Cadre de qualifications et supplément au diplôme
La Confédération propose maintenant de créer en Suisse deux instruments qui contribuent à mieux positionner la Suisse sur le plan international et à mieux faire connaître la valeur des formations:
Le premier, un cadre national des certifications de la Suisse (CNC-CH), est une trame composée de huit niveaux. Chaque diplôme suisse de formation professionnelle est classé dans un de ces huit niveaux en fonction des exigences requises pour l’obtenir. Le deuxième instrument consiste en la remise d’un supplément au diplôme qui montre le niveau atteint dans le CNC-CH. Ce supplément contiendra aussi des informations qui permettront aux employeurs en Suisse et à l’étranger d’évaluer rapidement et de manière appropriée les compétences professionnelles des titulaires. Tant le niveau du CNC-CH que le supplément au diplôme ne sont pas liés aux personnes, mais se réfèrent au certificat délivré. Les deux instruments seront ancrés juridiquement dans une ordonnance. Celle-ci fait actuellement l’objet d’une audition qui court jusqu’à mi-mai.

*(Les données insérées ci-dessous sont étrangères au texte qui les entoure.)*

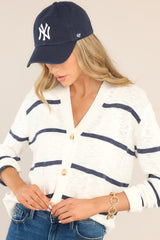 Front view of this cardigan that features a v-neckline, a functional button front, functional pockets, ribbed cuffed long sleeves, and a ribbed hemline.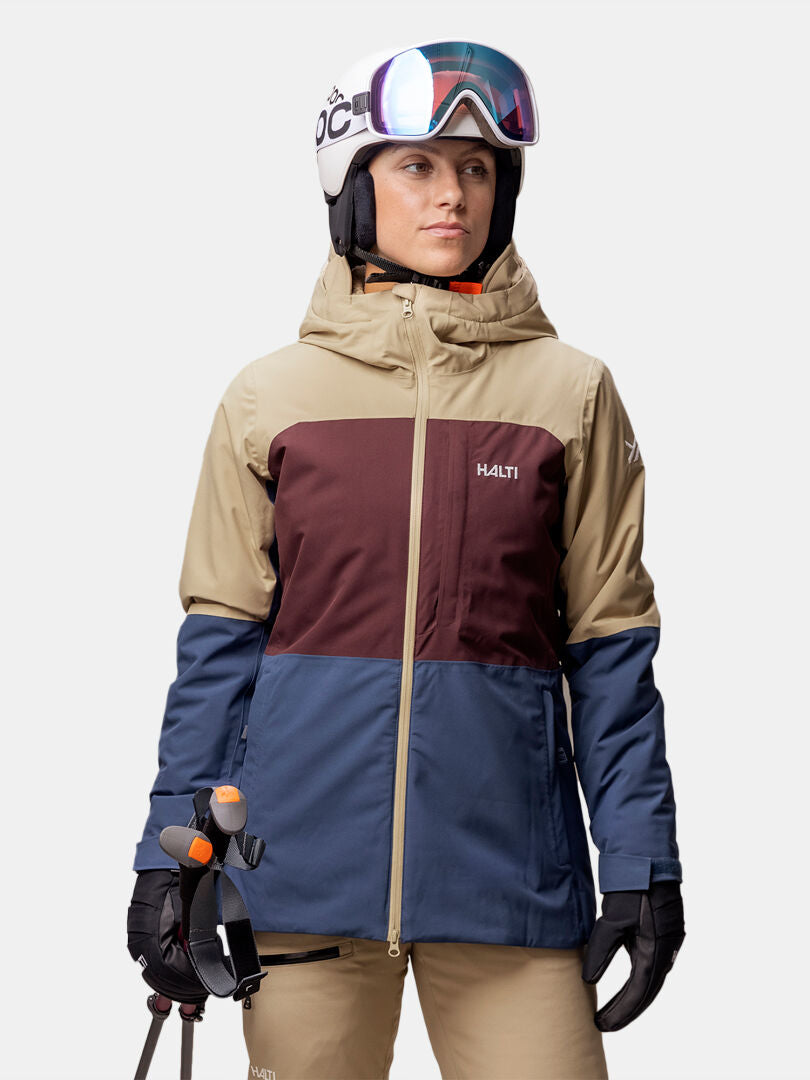 A woman wears the Halti Gracer DX Ski Jacket, helmet, goggles, and gloves, holding ski poles against a plain background.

Etant donné que tous les pays européens classent leurs diplômes professionnels dans une grille nationale des qualifications ou se proposent de le faire, des comparaisons entre pays deviendront possibles. Le CNC sert en quelque sorte d’aide à la traduction.
Appréciation du point de vue des employeurs
D’un point de vue patronal, l’évolution constatée dans le milieu de l’économie et de la politique de la formation appelle d’urgence une démarche. Les questions délicates ne pourront se résoudre qu’avec la pratique : les classements déboucheront-ils sur une hiérarchisation de la formation professionnelle ? En viendrons-nous, dans une sorte de course au prestige, à obtenir les meilleurs classements des diplômes ? Les réflexions concernant ces classements amèneront-elles des effets indésirables sur la définition des contenus de la formation ? Comment les partenaires sociaux se comporteront-ils avec la nouvelle transparence visée ou la hiérarchisation des diplômes lorsqu’il s’agira de négociations salariales?
Le projet sera-t-il couronné de succès? Tout dépendra de la possibilité de réussir véritablement le classement adéquat des diplômes dans le CNC-CH et ainsi de gagner l’acceptation et la confiance des employeurs. Ce que l’on peut estimer indispensable dans la perspective d’un système global cohérent n’est pas nécessairement compatible avec les intérêts spécifiques des organismes responsables des contenus des diplômes. Le classement de quelque 850 diplômes requiert donc des processus élaborés avec soin.